A will is a document that many people intend to draw up, but often they procrastinate for a variety of reasons. They might feel that they have designated enough beneficiaries in their accounts. They might also figure that their assets are going to naturally fall into the right hands after they pass away, and that drawing out an actual will may be redundant. Then off course, there is the matter that drawing up a will is an admittance of mortality, but just because a will has been prepared doesn’t mean it necessarily will be executed any time soon. It merely recognizes that anything can happen, and although a person’s last day may seem far off accidents and unexpected disease can happen leaving little time for planning. It is better to make plans early when you are able to be an active participant.
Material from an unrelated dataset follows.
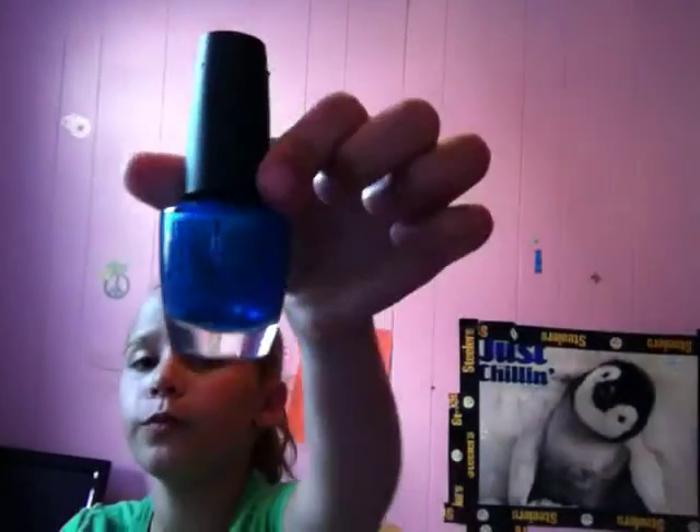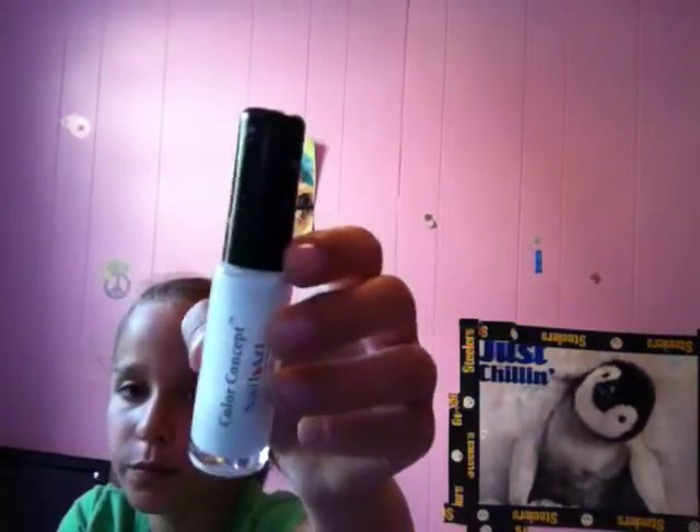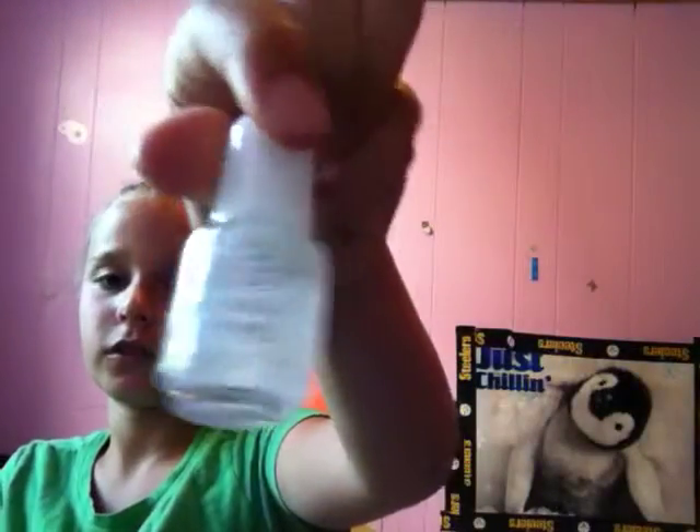What colors you're going to need for this snowflake design: you're going to need a blue, an art skinny white nail polish, and a little glitter one.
Here are some reasons why it is important to have a will.
Set Up Desired Guardianships
One of the biggest reasons to have a will actually has very little to do with assets and money. It’s about making sure that the loved ones you are caring for will continue to be cared for by the right people in the event of your death. Most notably this would be your minor children, but may also include disabled adult children or elderly family members. If there is no will, the courts may look solely at “next of kin” designations to serve as guardians, which may of may not be the best people for the job. Setting up guardians ahead of time also gives you a chance to talk to those selected about how they should approach their new role in your loved one’s life.
Fill in Gaps for Property Assignment and Avoid Probate
When you really take the time to think about what you own, your assets may carry more value than you think. In some cases something that is just an object to you may hold strong sentimental value to certain family members, and when your relatives are put in a position to guess what you might want it can lead to unnecessary friction and even a lengthy and expensive probate process.
Define Heirs and Benefactors
The “default” for inheritance is not always what you would prefer. Sometimes it even means that people you don’t want to get anything will wind up with a large chunk that you don’t want them to, such as ex-spouses. Writing out a will also gives you an opportunity to designate charitable contributions to organizations that are important to you.
Minimizing Tax Obligations
How you divide up you estate can have an impact on the amount of taxes you pay on your estate, and the amount of inheritance that actually goes to your loved ones and favorite charities. By working with an experienced attorney on your will planning and preparation you can assure that your affairs are organized the best way possible so that you can live out your remaining days with the peace of mind that your loved ones will have what you want to leave them – regardless of how many days you have.